Já como treinador do Santos, Sampaoli se manifestou publicamente contra o sucessor de Bachelet na presidência do Chile, Sebastián Piñera. “Valorizo muito a reação dos chilenos depois de tanto tempo de opressão”, posicionou-se o argentino, que conquistou de forma inédita a Copa América no comando da Seleção Chilena, em 2015.

“É um exemplo para todos na América do Sul. Lutar contra o neoliberalismo, que deixa o povo cada vez mais pobre. Uma rebelião contra os que estão no poder e só pensam nisso. Estou orgulhoso das pessoas com as quais convivi por tanto tempo. Espero que seja um passo adiante para acabar com a opressão a esse povo”, finalizou Sampaoli.

Na Espanha


Sampaoli entre o diretor Monchi (esquerda) e o presidente do Sevilla, José Castro (direita) - Foto: Cristina Quicler/AFP

Depois de conquistar a Copa América, o treinador protagonizou uma saída conturbada da Seleção Chilena para trabalhar no Sevilla, da Espanha. Assim que chegou à capital andaluz, foi levado pelo presidente do clube, José Castro, para conhecer a suntuosa Catedral de Santa Maria.



Durante a visita ao local, o dirigente mostrou uma placa a Sampaoli e disse: “Ali estão os restos mortais do descobridor de seu continente, Cristóvão Colombo”. O argentino, então, rebateu o espanhol: “Desculpe, mas vocês acham que descobriram. O continente já existia. Vocês chamam um genocídio de descobrimento”.

No Brasil


Desde que chegou ao Brasil no início de 2019, Sampaoli pouco falou publicamente sobre política. A amigos, já reforçou inclinação à esquerda e as discordâncias em relação a Jair Bolsonaro (sem partido). Em novembro passado, o argentino negou que tivesse pedido que o Santos vetasse a presença do presidente em um jogo na Vila Belmiro.

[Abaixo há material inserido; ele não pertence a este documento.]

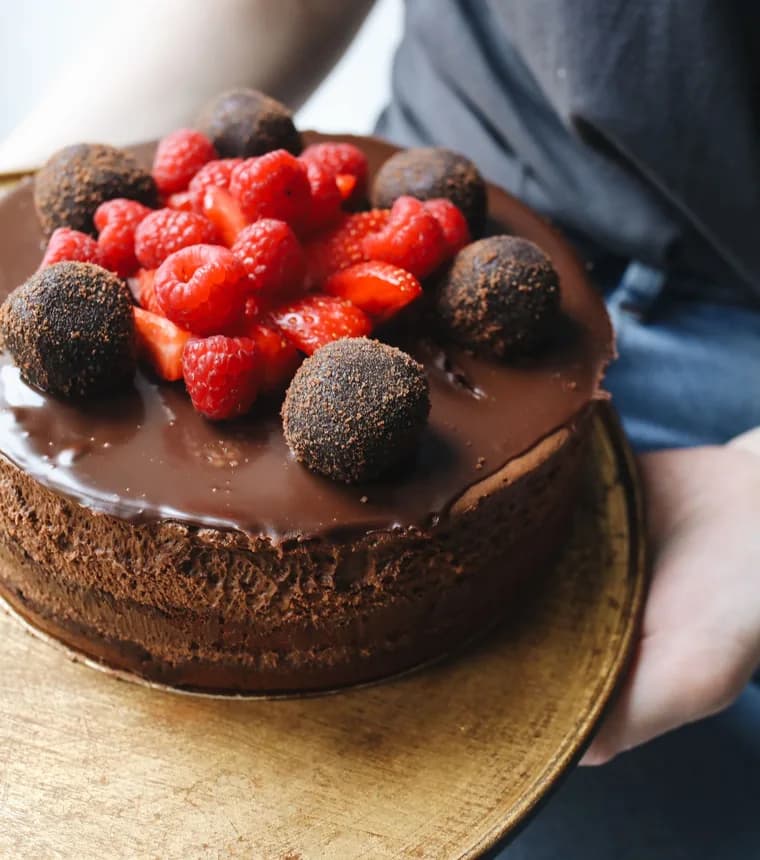 Chocolate truffle cake with a glossy ganache finish and berries, baked in Jhikargacha by Made by Roshni Chocolate truffle cake with a glossy ganache finish and berries, baked in Jhikargacha by Made by Roshni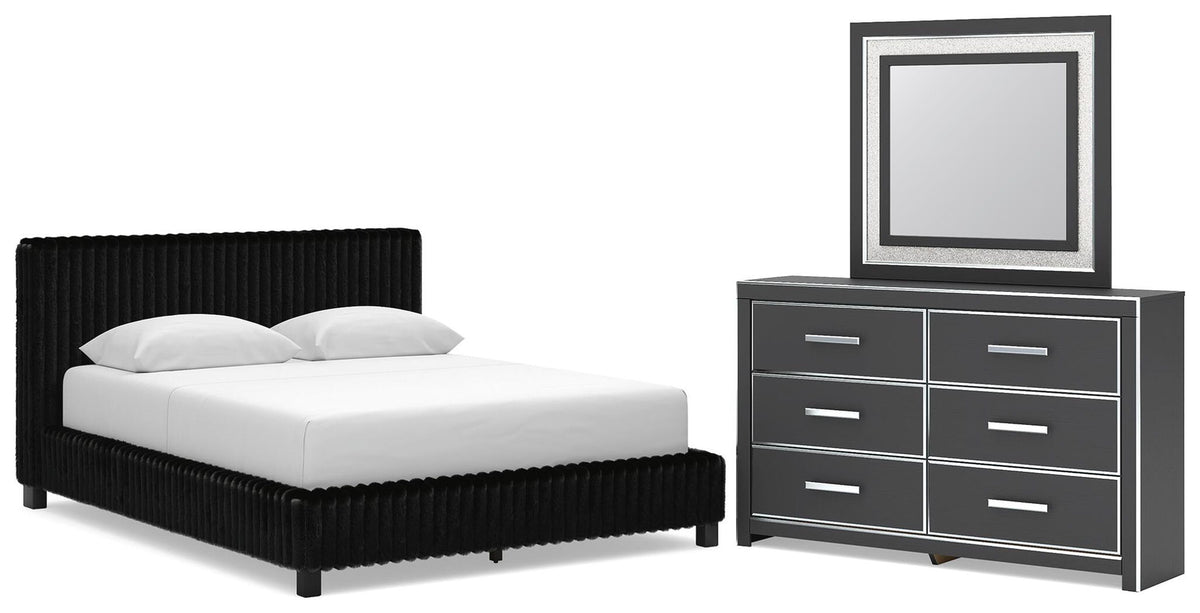 Black upholstered bed with two nightstands and wide dresser with framed mirror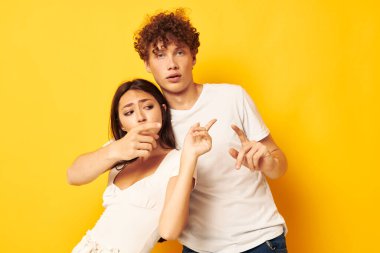 Beyaz tişörtlerle yan yana duran sevimli genç çift yaşam tarzını değiştirmeden poz veriyor.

“Isso é democracia. O presidente tem direito de ir aonde quiser, não sei o que pensam de achar que posso impedir a presença de alguém, seria uma falta de respeito. Sobre pensamentos políticos, eu prezo por defender a democracia. Eu vivi a ditadura no meu país, nunca seria alguém que não defende isso (democracia), e isso é defender que qualquer um pode ir aonde quiser. Veja o que acontece na Bolívia, que a democracia está debilitada”, disse, em menção ao conturbado cenário político boliviano em meio à renúncia do ex-presidente Evo Morales.



Jorge Sampaoli em ação no comando do Santos - Foto: Juarez Rodrigues/EM/D.A Press

Por aqui, Sampaoli preferiu colocar em prática o posicionamento político em ações do dia a dia. Antes de iniciar o trabalho diário no CT Rei Pelé, encontrava-se com garotos que escalavam árvores para acompanhar os treinos do Santos. O argentino chegou a presenteá-los com chuteiras e ovos de páscoa, além de liberar a presença das crianças nas atividades do time, o que era proibido a jornalistas. Certo dia, o treinador levou os garotos à sua casa para conhecer o filho recém-nascido.

Internamente, o convívio de Sampaoli com funcionários do Santos não era dos melhores. Porém, o treinador protagonizou uma outra história que chamou atenção. Em março, optou por devolver integralmente o salário ao clube até que todos os jogadores tivessem os vencimentos pagos em dia.